Privatizar los fondos de un individuo, sea a través de un sindicato charro o de
un banco, es eso: privatizar. La desigualdad creada entre un puñado de privilegiados
trabajadores del petróleo y una masa de pequeños burócratas, profesores rurales
y enfermeras del Seguro es la misma que existe entre los afortunados mandos de
confianza de las grandes empresas y las masas de empleados aplastados y
explotados en las compañías privadas, del tamaño que sean.
Por
otro lado, y reconociendo y criticando profundamente la mediocridad y la
corrupción en los liderazgos de estos sindicatos, debe quedarnos claro que los “pasivos
laborales” de los que ahora se habla son, de hecho, los únicos que todavía
existen más o menos en su forma original (PEMEX, CFE, etc). La abrumadora
mayoría de los mexicanos perdió gran parte de sus privilegios (si los tenía)
entre 1982 y 2007-8, cuando el gobierno de Calderón impulsó la reforma de
pensiones del IMSS (una reforma privatizadora, claro está), o cuando LyFC fue
desmantelada. ¿Posible conclusión? Me gustaría decir que los sindicatos más
combativos son aquellos que conservan una serie de privilegios más o menos
estable. Tristemente, la verdad es que, históricamente, los sindicatos
mexicanos más combativos han sido pisoteados por el Estado y el sector privado,
y son los más acomodaticios, más charros y más corruptos los que han mantenido
estos privilegios para sus trabajadores. Es un tristísimo escenario para
la lucha trabajadora de hoy, pero no es un tristísimo origen de los “pasivos
laborales”.
El
punto es que ninguna crítica a los “pasivos laborales” es válida si no se
explica el proceso histórico que les dio origen y, sobre todo, si no se deja muy
claro que la alternativa a ellos, según como la presentan las élites de hoy, es
la privatización formal de los fondos.
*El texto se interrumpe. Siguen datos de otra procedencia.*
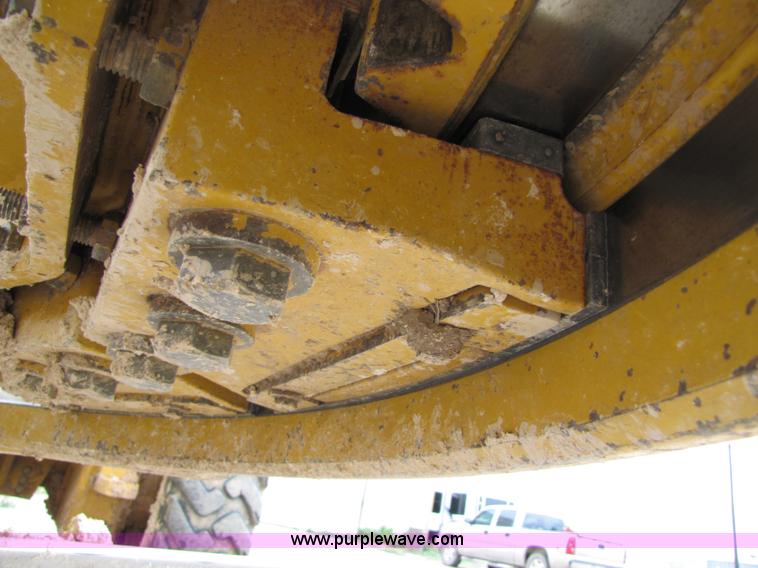 image for item 4810 1998 John Deere 772CH motor grader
Éste sería un proceso que probaría el
punto de los marxistas: la tarea del Estado y los intereses de la élite son lo
mismo: mantener aceitada la maquinaria que garantiza la acumulación de capital
a costa del trabajo de las mayorías. Mientras nuestros queridos compatriotas
que presumen no deberle nada a “papá gobierno” (porque tienen changarro,
trabajan para una empresa privada o se dedican al comercio) se rasgan las vestiduras
cuando leen acerca de los “inaceptables beneficios laborales” que existen en el
sector público (que no social), nosotros debemos explicarles con paciencia y
garrote que se equivocan. Porque su discurso legitima, todavía más, dinámicas
de despojo y desigualdad que se entronizan como la panacea del sector privado.